Assigned task
The answer must be an exact copy of all the data below.

*** Records for this task Section Begins ***

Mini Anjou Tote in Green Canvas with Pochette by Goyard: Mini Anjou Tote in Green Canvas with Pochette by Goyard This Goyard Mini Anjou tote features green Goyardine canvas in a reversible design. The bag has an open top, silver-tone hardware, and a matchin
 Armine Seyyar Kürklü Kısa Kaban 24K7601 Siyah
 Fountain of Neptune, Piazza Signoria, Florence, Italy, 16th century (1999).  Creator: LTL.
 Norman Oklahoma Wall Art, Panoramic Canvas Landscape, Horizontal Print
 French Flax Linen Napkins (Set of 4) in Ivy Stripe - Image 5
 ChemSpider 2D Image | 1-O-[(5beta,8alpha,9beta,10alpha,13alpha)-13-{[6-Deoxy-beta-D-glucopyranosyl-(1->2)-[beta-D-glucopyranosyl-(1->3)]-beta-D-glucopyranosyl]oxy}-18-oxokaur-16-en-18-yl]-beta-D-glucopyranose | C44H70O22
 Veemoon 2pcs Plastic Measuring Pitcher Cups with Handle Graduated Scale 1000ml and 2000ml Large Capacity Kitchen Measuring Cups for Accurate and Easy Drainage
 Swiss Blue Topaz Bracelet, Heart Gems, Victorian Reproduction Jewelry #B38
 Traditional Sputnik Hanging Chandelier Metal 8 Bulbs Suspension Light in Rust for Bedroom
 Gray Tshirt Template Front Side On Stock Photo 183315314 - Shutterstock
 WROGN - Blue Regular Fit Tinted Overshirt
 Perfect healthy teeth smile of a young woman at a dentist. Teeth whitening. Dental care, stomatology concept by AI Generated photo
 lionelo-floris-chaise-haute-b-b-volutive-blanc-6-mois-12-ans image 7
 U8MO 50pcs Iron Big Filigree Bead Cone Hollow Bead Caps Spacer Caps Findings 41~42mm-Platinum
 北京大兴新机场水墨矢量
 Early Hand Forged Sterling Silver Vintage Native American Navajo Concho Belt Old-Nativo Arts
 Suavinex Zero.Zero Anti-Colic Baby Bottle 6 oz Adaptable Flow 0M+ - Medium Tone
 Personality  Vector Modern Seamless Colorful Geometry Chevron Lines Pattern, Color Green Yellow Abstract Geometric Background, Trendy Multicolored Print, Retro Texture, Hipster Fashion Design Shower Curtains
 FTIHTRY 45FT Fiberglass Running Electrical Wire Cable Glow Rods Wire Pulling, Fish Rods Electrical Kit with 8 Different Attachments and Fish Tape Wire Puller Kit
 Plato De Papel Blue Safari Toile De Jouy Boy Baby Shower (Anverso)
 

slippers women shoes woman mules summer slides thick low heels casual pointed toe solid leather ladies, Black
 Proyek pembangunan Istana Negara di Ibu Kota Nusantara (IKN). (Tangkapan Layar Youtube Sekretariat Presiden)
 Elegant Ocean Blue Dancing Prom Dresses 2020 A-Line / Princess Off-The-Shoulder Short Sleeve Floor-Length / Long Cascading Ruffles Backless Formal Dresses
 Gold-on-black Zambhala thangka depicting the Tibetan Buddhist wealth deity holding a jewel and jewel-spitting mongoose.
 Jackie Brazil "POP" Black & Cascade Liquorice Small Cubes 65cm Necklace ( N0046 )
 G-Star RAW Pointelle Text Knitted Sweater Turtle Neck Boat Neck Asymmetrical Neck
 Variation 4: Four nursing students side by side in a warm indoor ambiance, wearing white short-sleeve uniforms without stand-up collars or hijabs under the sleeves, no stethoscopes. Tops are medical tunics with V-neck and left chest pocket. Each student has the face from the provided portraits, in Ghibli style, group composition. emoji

*** Records for this task Section Ends ***

Result for this exercise
Mini Anjou Tote in Green Canvas with Pochette by Goyard: Mini Anjou Tote in Green Canvas with Pochette by Goyard This Goyard Mini Anjou tote features green Goyardine canvas in a reversible design. The bag has an open top, silver-tone hardware, and a matchin
 Armine Seyyar Kürklü Kısa Kaban 24K7601 Siyah
 Fountain of Neptune, Piazza Signoria, Florence, Italy, 16th century (1999).  Creator: LTL.
 Norman Oklahoma Wall Art, Panoramic Canvas Landscape, Horizontal Print
 French Flax Linen Napkins (Set of 4) in Ivy Stripe - Image 5
 ChemSpider 2D Image | 1-O-[(5beta,8alpha,9beta,10alpha,13alpha)-13-{[6-Deoxy-beta-D-glucopyranosyl-(1->2)-[beta-D-glucopyranosyl-(1->3)]-beta-D-glucopyranosyl]oxy}-18-oxokaur-16-en-18-yl]-beta-D-glucopyranose | C44H70O22
 Veemoon 2pcs Plastic Measuring Pitcher Cups with Handle Graduated Scale 1000ml and 2000ml Large Capacity Kitchen Measuring Cups for Accurate and Easy Drainage
 Swiss Blue Topaz Bracelet, Heart Gems, Victorian Reproduction Jewelry #B38
 Traditional Sputnik Hanging Chandelier Metal 8 Bulbs Suspension Light in Rust for Bedroom
 Gray Tshirt Template Front Side On Stock Photo 183315314 - Shutterstock
 WROGN - Blue Regular Fit Tinted Overshirt
 Perfect healthy teeth smile of a young woman at a dentist. Teeth whitening. Dental care, stomatology concept by AI Generated photo
 lionelo-floris-chaise-haute-b-b-volutive-blanc-6-mois-12-ans image 7
 U8MO 50pcs Iron Big Filigree Bead Cone Hollow Bead Caps Spacer Caps Findings 41~42mm-Platinum
 北京大兴新机场水墨矢量
 Early Hand Forged Sterling Silver Vintage Native American Navajo Concho Belt Old-Nativo Arts
 Suavinex Zero.Zero Anti-Colic Baby Bottle 6 oz Adaptable Flow 0M+ - Medium Tone
 Personality  Vector Modern Seamless Colorful Geometry Chevron Lines Pattern, Color Green Yellow Abstract Geometric Background, Trendy Multicolored Print, Retro Texture, Hipster Fashion Design Shower Curtains
 FTIHTRY 45FT Fiberglass Running Electrical Wire Cable Glow Rods Wire Pulling, Fish Rods Electrical Kit with 8 Different Attachments and Fish Tape Wire Puller Kit
 Plato De Papel Blue Safari Toile De Jouy Boy Baby Shower (Anverso)
 

slippers women shoes woman mules summer slides thick low heels casual pointed toe solid leather ladies, Black
 Proyek pembangunan Istana Negara di Ibu Kota Nusantara (IKN). (Tangkapan Layar Youtube Sekretariat Presiden)
 Elegant Ocean Blue Dancing Prom Dresses 2020 A-Line / Princess Off-The-Shoulder Short Sleeve Floor-Length / Long Cascading Ruffles Backless Formal Dresses
 Gold-on-black Zambhala thangka depicting the Tibetan Buddhist wealth deity holding a jewel and jewel-spitting mongoose.
 Jackie Brazil "POP" Black & Cascade Liquorice Small Cubes 65cm Necklace ( N0046 )
 G-Star RAW Pointelle Text Knitted Sweater Turtle Neck Boat Neck Asymmetrical Neck
 Variation 4: Four nursing students side by side in a warm indoor ambiance, wearing white short-sleeve uniforms without stand-up collars or hijabs under the sleeves, no stethoscopes. Tops are medical tunics with V-neck and left chest pocket. Each student has the face from the provided portraits, in Ghibli style, group composition. emoji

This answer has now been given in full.